Start of Block
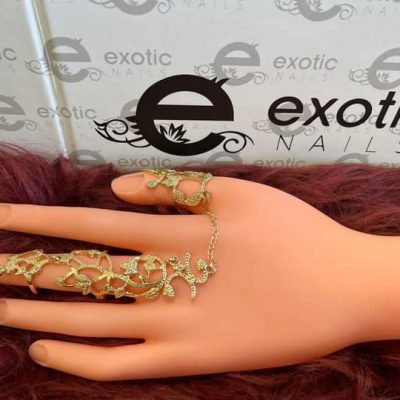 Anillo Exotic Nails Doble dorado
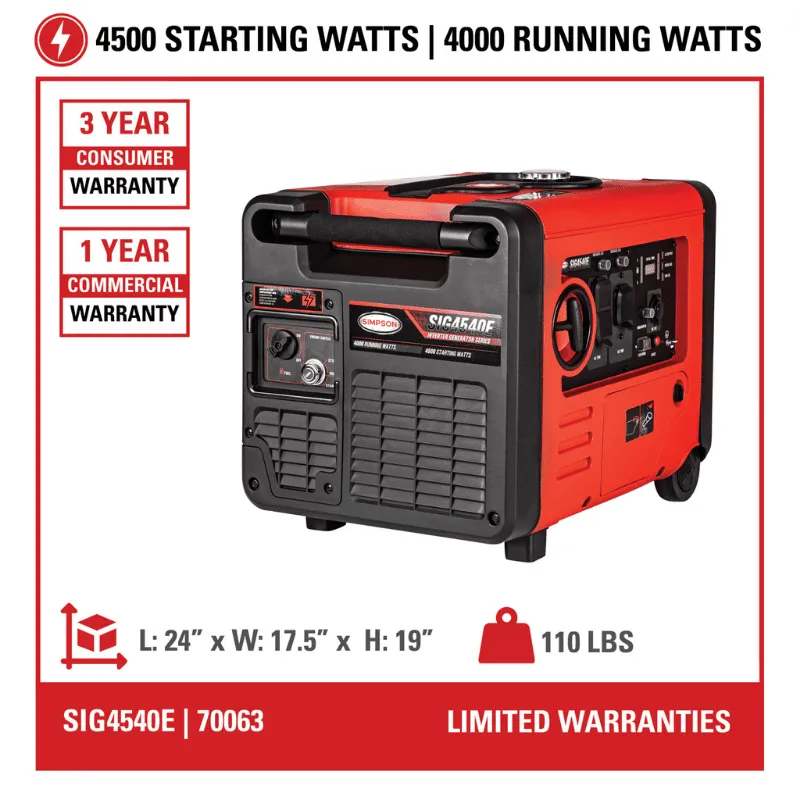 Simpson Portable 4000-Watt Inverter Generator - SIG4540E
End of Block
Start of Block
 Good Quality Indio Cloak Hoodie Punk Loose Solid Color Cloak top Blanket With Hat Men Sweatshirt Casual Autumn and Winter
End of Block
Start of Block
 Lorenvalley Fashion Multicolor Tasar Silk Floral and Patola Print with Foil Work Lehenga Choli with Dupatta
End of Block
# Problem description:
The response must repeat exactly the lines above from the one with "Anillo Exotic Nails Doble dorado" through the one with "Simpson Portable 4000-Watt", including both, and must contain no pictures and no other text.

# Written solution:
 Anillo Exotic Nails Doble dorado
 Simpson Portable 4000-Watt Inverter Generator - SIG4540E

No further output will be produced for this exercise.